If its an old school fridge with the panel at the back, it is likely you are out of luck.
From my understanding, the same refrigerant runs through the freezer as the fridge, just more runs through the freezer to make it colder.


----------



## chook79 (1/12/16)

Haha, I logged in to ask the exact same question, great minds huh?

It just seems such a waste of energy; granted it's only on when the thermostat kicks in but when I'm cold crashing it's a bunch of electricity being chewed up for nothing.

Is it possible to cut a hole in the shelf between the freezer & fridge to put a cooling pipe of some sort, so that it would cool down quicker and at least the freezer wouldn't be on for as long?

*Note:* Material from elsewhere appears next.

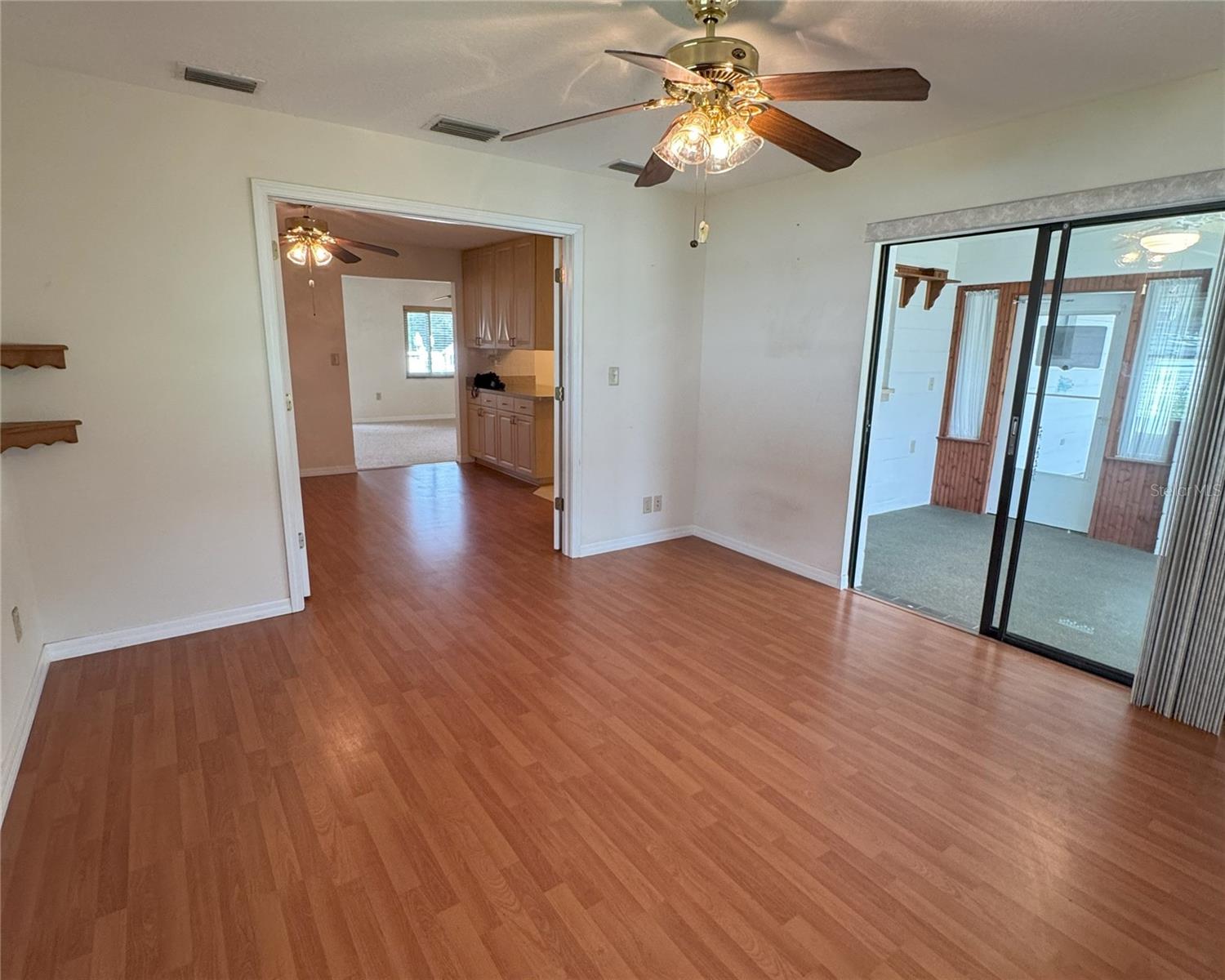 Image 9 of 34 For 37116 Nicole Avenue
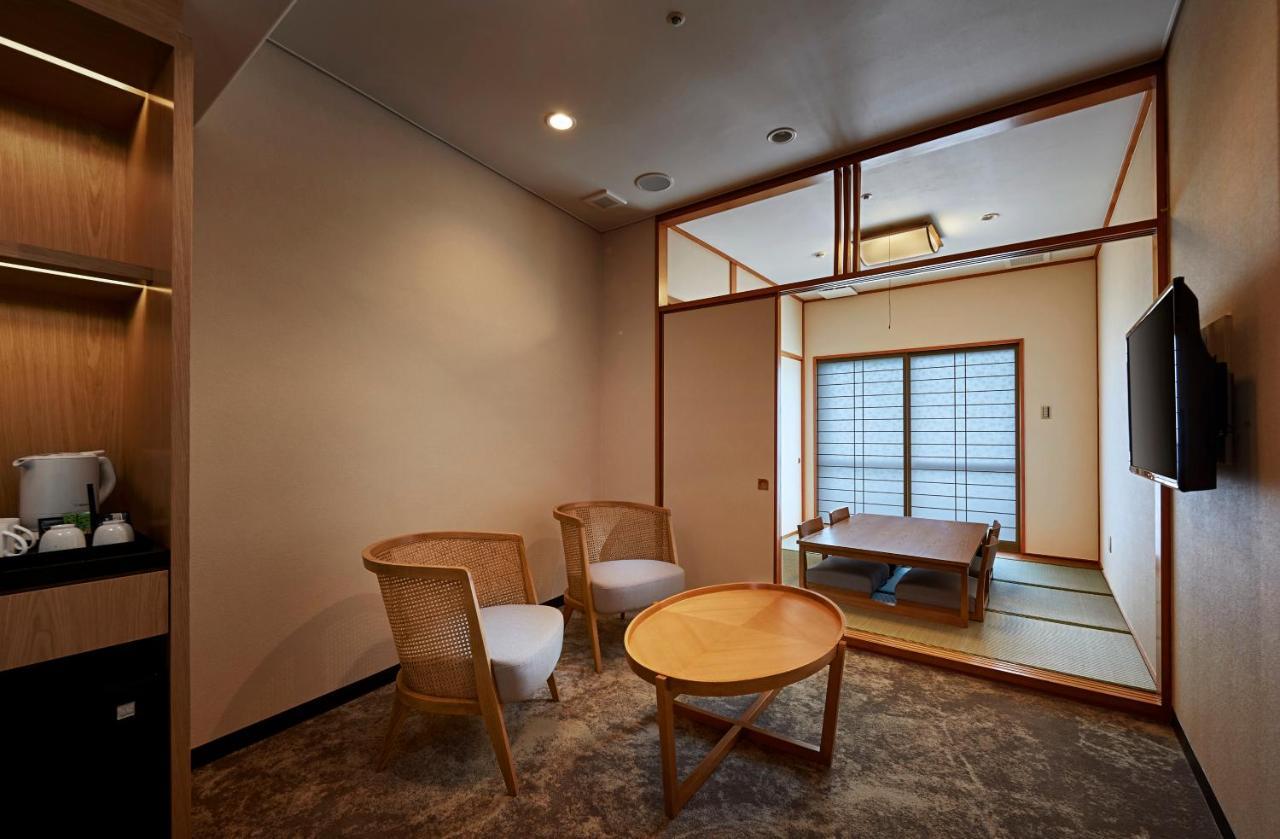 Ana Crowne Plaza Okinawa Hills By Ihg Resort 4*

Although conversely I guess that means it would then take twice as much heat to get back up to temp because now there's more area to heat up.

I feel your pain.


----------



## Camo6 (1/12/16)

Hardly worth the effort. Unless your fridge runs two compressors but I'm yet to own a fridge that does.
For the money you'd spend tinkering you could buy a 2nd hand all fridge or freezer off ebay and make use of the extra space.


----------



## rude (1/12/16)

Plus 1 for all fridge

Brew 2 at once but bit hard too get same temp for both but close enough


----------



## pablo_h (2/12/16)

Camo6 said:


> Hardly worth the effort. Unless your fridge runs two compressors but I'm yet to own a fridge that does.
> For the money you'd spend tinkering you could buy a 2nd hand all fridge or freezer off ebay and make use of the extra space.


Yeah this.
Often it is only the freezer that has any cooling at all or is the main cooling. F/F rely on *left over* capacity or refrigerant to cool the fridge part (old fridges), or just a fan blowing freezer air into the fridge (modern fridges).
Exceptions are recent electronic "twin cool" side by side fridges (which would flip their lid wanting to know why the freezer is warm, why it can't defrost etc and would just shut down in error), or as mentioned older side by side mechanical fridges that often had two compressors (think commercial or USA side by sides when that style first came out in the 70s/80s) E: but I don't think there's that many about in AU as we commonly had the pigeon pair set up, one complete stand alone upright freezer, one complete stand alone upright fridge , rather than the two compressor type thing they were doing in the US way back then. And after that electronics and variable speed fans made single compressor side by sides more viable.


----------



## damoninja (2/12/16)

If the coil doesn't run through there, you could remove the panels and foam between the fridge and freezer to open it all up to a single chamber. You'd then have a bigger freezer. 

Big IF however. 

How cool does it actually get in there?


----------



## nearly NORMal (2/12/16)

The freezer works well. The idea was to have a temp contolled environment for yeast starters. 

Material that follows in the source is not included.